* **Directions for this task**
With the line that contains "Schlafen Dackel Hunde" as the final line, return every line from the start of the data below exactly.
[[ Data in this exercise open ]]
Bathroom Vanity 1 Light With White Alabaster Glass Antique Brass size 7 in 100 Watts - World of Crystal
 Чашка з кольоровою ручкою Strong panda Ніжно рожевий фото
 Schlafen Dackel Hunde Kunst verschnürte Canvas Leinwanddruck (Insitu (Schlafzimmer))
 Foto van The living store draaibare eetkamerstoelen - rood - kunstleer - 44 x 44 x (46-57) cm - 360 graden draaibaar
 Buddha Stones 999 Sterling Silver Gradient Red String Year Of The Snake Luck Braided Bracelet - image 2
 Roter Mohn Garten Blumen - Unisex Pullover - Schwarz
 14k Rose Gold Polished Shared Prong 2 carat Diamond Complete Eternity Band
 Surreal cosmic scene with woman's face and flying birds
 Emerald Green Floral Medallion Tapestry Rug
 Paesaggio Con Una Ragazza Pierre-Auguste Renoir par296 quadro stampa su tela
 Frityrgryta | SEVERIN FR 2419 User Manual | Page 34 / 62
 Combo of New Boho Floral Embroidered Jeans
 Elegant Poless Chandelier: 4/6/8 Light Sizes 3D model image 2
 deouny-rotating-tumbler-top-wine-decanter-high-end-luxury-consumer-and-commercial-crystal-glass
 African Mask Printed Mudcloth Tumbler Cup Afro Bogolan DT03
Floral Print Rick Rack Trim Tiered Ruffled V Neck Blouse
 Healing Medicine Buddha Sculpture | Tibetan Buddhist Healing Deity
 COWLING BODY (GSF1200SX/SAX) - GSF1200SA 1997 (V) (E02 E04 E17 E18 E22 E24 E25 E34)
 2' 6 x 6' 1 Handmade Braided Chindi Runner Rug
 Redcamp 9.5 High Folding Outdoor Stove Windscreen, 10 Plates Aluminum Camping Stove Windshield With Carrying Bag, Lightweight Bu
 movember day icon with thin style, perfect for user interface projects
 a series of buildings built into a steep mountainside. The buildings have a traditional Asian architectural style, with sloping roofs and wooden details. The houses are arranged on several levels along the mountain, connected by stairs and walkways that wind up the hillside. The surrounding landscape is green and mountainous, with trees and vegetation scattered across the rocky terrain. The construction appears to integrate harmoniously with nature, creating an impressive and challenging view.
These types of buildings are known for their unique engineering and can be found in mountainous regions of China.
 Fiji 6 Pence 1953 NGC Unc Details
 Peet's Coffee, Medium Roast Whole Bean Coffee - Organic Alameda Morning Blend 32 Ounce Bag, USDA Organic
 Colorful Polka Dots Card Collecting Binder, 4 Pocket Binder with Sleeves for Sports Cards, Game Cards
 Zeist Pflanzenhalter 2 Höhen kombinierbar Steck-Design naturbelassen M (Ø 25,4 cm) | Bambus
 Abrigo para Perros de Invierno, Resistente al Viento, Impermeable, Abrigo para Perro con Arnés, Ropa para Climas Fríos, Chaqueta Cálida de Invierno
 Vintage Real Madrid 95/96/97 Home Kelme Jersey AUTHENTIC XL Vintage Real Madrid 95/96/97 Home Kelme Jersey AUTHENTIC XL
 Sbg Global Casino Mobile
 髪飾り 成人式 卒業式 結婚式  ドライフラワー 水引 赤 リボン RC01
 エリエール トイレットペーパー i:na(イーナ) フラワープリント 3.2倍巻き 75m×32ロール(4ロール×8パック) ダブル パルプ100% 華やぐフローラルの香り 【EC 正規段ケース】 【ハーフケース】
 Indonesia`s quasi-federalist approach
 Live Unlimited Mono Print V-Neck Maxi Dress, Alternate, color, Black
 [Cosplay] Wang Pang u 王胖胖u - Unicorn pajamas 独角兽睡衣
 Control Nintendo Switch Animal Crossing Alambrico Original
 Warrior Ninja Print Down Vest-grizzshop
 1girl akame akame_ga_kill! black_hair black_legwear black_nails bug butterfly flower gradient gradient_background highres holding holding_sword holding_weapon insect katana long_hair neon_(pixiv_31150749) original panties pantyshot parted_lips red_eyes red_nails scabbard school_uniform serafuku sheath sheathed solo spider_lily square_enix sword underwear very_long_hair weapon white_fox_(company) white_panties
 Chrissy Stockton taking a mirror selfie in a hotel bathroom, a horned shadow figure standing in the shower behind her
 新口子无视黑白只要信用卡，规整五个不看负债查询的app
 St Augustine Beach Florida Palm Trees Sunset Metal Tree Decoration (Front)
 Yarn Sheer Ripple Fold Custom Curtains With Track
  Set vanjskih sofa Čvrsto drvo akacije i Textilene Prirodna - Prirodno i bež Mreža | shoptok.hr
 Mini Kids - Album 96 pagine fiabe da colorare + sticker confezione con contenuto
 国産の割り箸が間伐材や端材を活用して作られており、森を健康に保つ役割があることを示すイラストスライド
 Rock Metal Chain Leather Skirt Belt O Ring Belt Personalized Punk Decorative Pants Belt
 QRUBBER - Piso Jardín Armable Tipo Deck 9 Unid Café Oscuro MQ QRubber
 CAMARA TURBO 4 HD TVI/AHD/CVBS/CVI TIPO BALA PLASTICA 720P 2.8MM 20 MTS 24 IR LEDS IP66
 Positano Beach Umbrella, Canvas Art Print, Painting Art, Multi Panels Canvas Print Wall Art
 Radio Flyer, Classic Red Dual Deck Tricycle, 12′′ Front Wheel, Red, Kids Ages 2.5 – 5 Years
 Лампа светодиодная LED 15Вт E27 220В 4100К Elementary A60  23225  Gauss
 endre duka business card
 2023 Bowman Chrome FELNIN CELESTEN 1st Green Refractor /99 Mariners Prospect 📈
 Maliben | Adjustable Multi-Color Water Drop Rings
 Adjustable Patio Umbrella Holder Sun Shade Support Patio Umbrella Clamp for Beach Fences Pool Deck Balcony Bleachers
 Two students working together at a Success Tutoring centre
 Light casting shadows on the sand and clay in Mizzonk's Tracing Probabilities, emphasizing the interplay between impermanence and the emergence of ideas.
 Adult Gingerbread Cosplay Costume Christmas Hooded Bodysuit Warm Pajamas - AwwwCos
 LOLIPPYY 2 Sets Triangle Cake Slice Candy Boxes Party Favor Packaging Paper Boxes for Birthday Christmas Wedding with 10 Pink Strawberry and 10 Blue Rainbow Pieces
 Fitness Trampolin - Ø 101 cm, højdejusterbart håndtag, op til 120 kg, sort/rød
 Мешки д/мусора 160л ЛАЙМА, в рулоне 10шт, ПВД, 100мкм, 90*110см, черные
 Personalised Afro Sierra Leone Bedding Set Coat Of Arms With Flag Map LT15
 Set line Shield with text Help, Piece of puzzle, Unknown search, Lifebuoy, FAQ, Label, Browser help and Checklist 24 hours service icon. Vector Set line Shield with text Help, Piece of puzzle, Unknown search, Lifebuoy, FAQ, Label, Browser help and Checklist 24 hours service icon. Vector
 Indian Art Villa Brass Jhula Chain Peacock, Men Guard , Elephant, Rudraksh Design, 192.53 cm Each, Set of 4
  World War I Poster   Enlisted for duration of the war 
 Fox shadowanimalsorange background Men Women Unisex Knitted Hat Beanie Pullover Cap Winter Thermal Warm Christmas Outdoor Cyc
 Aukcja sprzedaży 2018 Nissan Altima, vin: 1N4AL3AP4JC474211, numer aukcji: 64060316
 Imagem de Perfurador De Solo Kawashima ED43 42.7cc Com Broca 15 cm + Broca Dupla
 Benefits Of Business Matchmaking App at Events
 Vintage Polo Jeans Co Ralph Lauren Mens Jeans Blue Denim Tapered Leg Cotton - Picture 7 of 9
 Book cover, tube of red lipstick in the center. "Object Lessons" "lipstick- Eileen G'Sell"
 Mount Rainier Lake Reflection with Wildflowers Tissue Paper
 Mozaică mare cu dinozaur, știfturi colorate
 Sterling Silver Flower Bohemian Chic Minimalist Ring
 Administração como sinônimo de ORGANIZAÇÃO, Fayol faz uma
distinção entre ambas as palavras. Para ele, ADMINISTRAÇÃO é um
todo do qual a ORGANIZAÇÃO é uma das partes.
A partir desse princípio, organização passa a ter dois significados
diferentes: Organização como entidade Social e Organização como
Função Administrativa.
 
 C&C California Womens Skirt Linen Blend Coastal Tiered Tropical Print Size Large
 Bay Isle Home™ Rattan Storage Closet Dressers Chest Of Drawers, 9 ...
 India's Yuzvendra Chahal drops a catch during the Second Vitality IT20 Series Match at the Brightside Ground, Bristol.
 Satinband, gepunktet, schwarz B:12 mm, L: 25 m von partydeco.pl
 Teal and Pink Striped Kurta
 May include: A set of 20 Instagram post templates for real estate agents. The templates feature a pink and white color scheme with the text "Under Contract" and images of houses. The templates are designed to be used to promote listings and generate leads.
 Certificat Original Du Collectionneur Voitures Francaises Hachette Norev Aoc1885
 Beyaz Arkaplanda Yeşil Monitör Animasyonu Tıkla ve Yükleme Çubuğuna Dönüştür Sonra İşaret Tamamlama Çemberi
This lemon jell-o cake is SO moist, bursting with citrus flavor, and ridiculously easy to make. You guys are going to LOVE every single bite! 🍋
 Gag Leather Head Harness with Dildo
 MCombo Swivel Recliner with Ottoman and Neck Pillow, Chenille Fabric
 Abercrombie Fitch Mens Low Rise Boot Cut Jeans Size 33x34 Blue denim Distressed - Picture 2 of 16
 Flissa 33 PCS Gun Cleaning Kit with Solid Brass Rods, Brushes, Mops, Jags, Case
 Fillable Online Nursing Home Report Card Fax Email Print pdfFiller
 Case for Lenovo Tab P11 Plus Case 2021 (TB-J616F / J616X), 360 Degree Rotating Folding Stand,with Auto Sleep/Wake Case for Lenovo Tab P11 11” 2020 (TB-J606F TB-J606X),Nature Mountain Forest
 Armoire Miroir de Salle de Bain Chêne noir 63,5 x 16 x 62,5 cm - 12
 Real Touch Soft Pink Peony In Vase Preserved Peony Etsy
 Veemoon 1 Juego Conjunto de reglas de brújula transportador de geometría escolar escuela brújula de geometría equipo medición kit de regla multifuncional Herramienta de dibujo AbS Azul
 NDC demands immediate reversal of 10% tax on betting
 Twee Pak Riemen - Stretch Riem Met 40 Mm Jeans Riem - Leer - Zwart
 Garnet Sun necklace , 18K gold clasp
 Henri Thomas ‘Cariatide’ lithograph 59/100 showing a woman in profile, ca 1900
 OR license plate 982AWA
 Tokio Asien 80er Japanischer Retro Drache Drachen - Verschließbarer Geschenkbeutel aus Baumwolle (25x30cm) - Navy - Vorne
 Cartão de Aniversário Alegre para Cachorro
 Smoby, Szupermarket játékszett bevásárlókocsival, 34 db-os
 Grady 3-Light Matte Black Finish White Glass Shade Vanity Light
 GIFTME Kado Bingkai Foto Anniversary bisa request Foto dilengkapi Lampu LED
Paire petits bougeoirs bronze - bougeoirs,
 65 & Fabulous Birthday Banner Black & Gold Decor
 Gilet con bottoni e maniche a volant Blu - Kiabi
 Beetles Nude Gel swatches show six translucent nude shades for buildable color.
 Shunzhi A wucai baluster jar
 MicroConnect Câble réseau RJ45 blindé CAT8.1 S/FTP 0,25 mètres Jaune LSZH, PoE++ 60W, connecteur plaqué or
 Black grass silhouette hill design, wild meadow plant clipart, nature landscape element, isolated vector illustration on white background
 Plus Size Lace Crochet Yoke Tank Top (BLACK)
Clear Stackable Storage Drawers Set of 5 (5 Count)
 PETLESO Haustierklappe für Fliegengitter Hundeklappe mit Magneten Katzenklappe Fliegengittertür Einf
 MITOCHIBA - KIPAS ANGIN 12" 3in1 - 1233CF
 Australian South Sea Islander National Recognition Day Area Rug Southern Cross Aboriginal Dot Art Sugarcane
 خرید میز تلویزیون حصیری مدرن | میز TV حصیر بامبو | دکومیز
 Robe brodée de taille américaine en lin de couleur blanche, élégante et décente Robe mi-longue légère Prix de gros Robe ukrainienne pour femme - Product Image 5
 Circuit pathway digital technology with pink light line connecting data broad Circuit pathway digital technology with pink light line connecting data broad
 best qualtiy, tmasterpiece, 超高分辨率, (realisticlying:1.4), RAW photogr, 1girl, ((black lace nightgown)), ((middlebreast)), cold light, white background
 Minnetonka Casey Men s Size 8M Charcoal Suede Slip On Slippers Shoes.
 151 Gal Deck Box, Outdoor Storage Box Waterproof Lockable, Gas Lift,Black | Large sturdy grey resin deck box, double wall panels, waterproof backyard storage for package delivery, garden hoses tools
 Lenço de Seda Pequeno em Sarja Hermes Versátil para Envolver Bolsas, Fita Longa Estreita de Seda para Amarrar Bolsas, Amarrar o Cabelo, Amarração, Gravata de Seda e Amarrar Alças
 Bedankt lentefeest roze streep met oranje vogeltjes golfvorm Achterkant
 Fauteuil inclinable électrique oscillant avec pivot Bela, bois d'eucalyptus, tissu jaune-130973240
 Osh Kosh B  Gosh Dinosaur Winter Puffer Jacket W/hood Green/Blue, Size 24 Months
[[ Data in this exercise closed ]]
* **Expected output**
Bathroom Vanity 1 Light With White Alabaster Glass Antique Brass size 7 in 100 Watts - World of Crystal
 Чашка з кольоровою ручкою Strong panda Ніжно рожевий фото
 Schlafen Dackel Hunde Kunst verschnürte Canvas Leinwanddruck (Insitu (Schlafzimmer))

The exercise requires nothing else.